AYRTON, UN MITO SENZA TEMPO

di Carmela Moretti

Un documentario, se fatto “come Dio comanda”, è un buon modo per ricordare. Termine, quest’ultimo, da intendere nel suo significato etimologico di “ripercorrere col cuore”, e non con l’aridità della mente, gli eventi e i personaggi.

È il caso del film documentario di Asif Kapadia su Ayrton Senna (2010), che ripropone una delle personalità più amate dei primi anni ’90, di cui oggi 1  maggio ricorre l’anniversario  della sua morte. Un ottimo mélange di immagini e telecronache che ha il merito di riuscire a far amare il pilota brasiliano anche a chi non ha vissuto quel periodo, tanto è in grado di restituirne i pensieri e le inquietudini più profonde.

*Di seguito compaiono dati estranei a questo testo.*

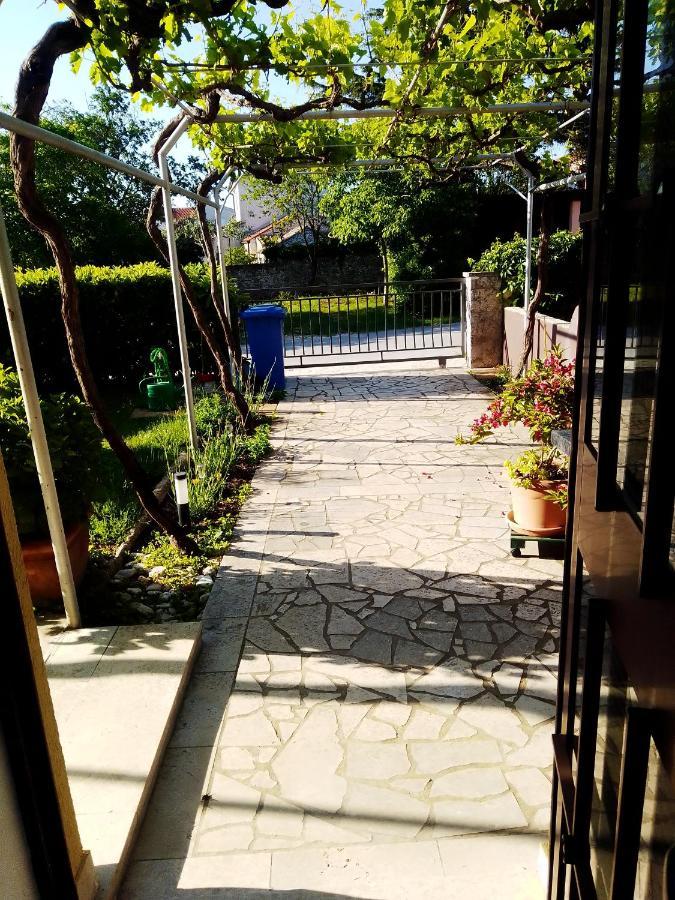 Apartments Bor เมดูลิน ภายนอก รูปภาพ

Ayrton è nato nel 1960 in una famiglia benestante di San Paolo e giovanissimo si è ritrovato a disputare i campionati internazionali di go-kart. Poi è approdato in Formula 1, dove ha subito dato prova di un indiscusso talento: in pochi anni ha debuttato con la Toleman, poi è passato alla Lotus e nel 1988 è entrato a far parte della squadra della ben più prestigiosa McLaren. Ma nella F1 non tutti l’amavano, soprattutto per quel suo temperamento risoluto che lo portava a fiutare e a osteggiare presunti “inganni”. Significativi, a tal proposito, sono gli alterchi con il presidente della FIA Jean-Marie Balestre e la rivalità insanabile con il compagno di squadra e “calcolatore di punteggi” Alain Prost, momenti magistralmente riproposti nel film di Kapadia.

Ayrton, però, aveva un carisma particolare, quel quidin più che a ogni Gran Premio conquistava folle di tifosi: riusciva a percorrere un circuito come un’aquila squarcia il cielo, con velocità, eleganza e autorevolezza; ma era sotto piogge torrenziali che raggiungeva l’exploit e con la sua monoposto pareva far miracoli.

Sicuramente, delle sue 41 vittorie, la più importante per il pilota è stata quella al Gran Premio del Brasile del 1991: “Un’altra curva e Senna taglierà il traguardo. Una stupenda vittoria”. Estremamente religioso e fiducioso in Dio, in quella giornata si sarà sentito come un angelo lucente, inviato a bordo di una monoposto per riscattare dinanzi al mondo intero il suo popolo martoriato. E fu così per il Brasile, che in quella vittoria ritrovò un motivo di vera gioia.

Poi, arrivarono il passaggio alla Williams e il Campionato Mondiale del 1994, con quello “strano” regolamento che d’improvviso vietò tutti i dispositivi elettronici che rendevano più sicure le vetture. A Imola, l’auto di Senna era instabile, ruotava su se stessa, destava serie preoccupazioni; e dopo l’incidente mortale di Roland Ratzenberger nel giorno prima della gara, le sue inquietudini s’accrebbero incredibilmente. A tal proposito, le immagini raccolte nel documentario sanno bene restituire tutta la tensione del pilota brasiliano, con il suo volto ch’appare visibilmente triste e provato.

Ed ecco il 1 maggio 1994. Di prima mattina, Ayrton Senna sfogliò la Bibbia e lesse un passo: “Il più grande dono che Dio può fare è Dio stesso”. Poi, si schiantò alla curva del Tamburello e volò via a soli 34 anni, facendo piangere il mondo intero –e chissà se sapeva di essere così tanto amato!

Dopo quel giorno, gli ingegneri lavorarono per migliorare la sicurezza in F1 e da allora non si sono più registrati incidenti mortali.